Dear President Obama,
There has been so much
discussion in this country about what this election, your election, our
election, signifies for America.
May it be that it signals the healing of our racial wounds. Yet this is not just about us. It is
also about the world, and our place in the world community, and a return to an
ethic of sharing and generosity. I will focus my comments on the area that I
know best, the Muslim world.
Iraq: We have inflicted a
great violence upon Iraq, and as you have recognized, this was an unnecessary
war. Getting Iraq right will be key. You are familiar with Martin Luther King
Jr's famed April 4, 1967, speech in Riverside Church. You can look at
virtually everything that King said about Vietnam and apply it to Iraq. The
first step in getting Iraq right is to begin by publicly admitting to
ourselves--and more importantly, to Iraqis, and the world community--that we made
a horrible mistake, that our error resulted in the deaths of thousands of
Americans, and hundreds of thousands of Iraqis, and the wasting of untold
hundreds of billions of dollars.
Iran: Iran is a
complicated society, and it is not 1978 anymore. Since the revolution, Iran has
been home to the most sophisticated Islamic reform movement in the world.
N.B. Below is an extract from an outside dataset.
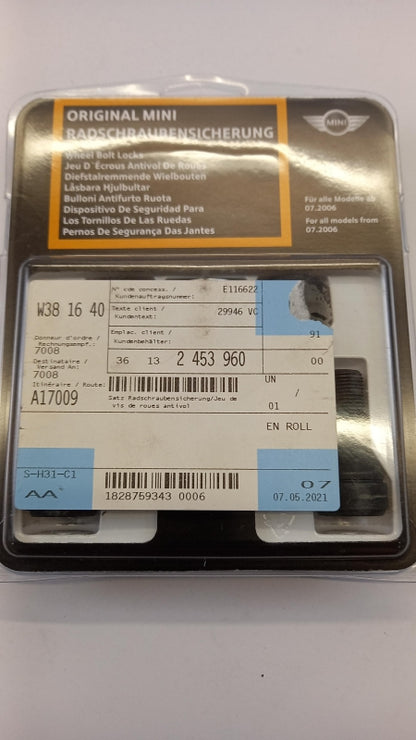 Original BMW MINI F54 F55 R60 Radschraubenschloss-Satz M14x1,25 36132453960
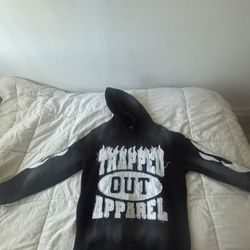 Black and White Trapped  Out Apparel Hoodie Size M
Today, 70 percent of the Iranian population is under 30, and the overwhelming
majority of Iranians want to normalize relations with the United States.
President Bush alienated most Iranians by labeling Iran as part of an "Axis of
Evil." Instead, engage and acknowledge the subtlety and nuance of this ancient
civilization.
Palestine/Israel: For Muslims worldwide
and Muslims in the United States, this is and has always been foreign policy
issue number one. The creation of Israel is seen by hundreds of millions of
Muslims as the result of colonial interventions in the Middle East, going back
to the Balfour Declaration of 1917. Israel has remained the single largest
recipient of US foreign aid over the last thirty years. Every scholar knows
that the current situation in Israel/Palestine is not tenable. No group of
people on Earth would voluntarily agree to live in the situation of occupation
and second-class citizenship that the Palestinians have had to endure for over
forty years.
There are no easy solutions, for there is such a discrepancy of power between the two sides. Yet if we move from being an ardent supporter of Israel at all costs to stating that the dignity and well-being of both Palestinians and Israelis and the security of both communities will be equal priorities for us, that will be the beginning of the road toward healing. A two-state solution presents serious challenges, none more important than the dozens of illegal Jewish settlements in the Occupied West Bank. A one-state solution (one person, one vote) is ultimately the fairest solution, maybe the only fair solution, but it would mean giving up on the notion of a Jewish state, over that of a secular democracy. Either way, dealing with significant issues like the fate of Jerusalem as the symbolic capital of both peoples, the right of Palestinians refugees to return, and the guarantee of exactly and identically the same set of rights and responsibilities for both Jews and Arabs will be mandatory.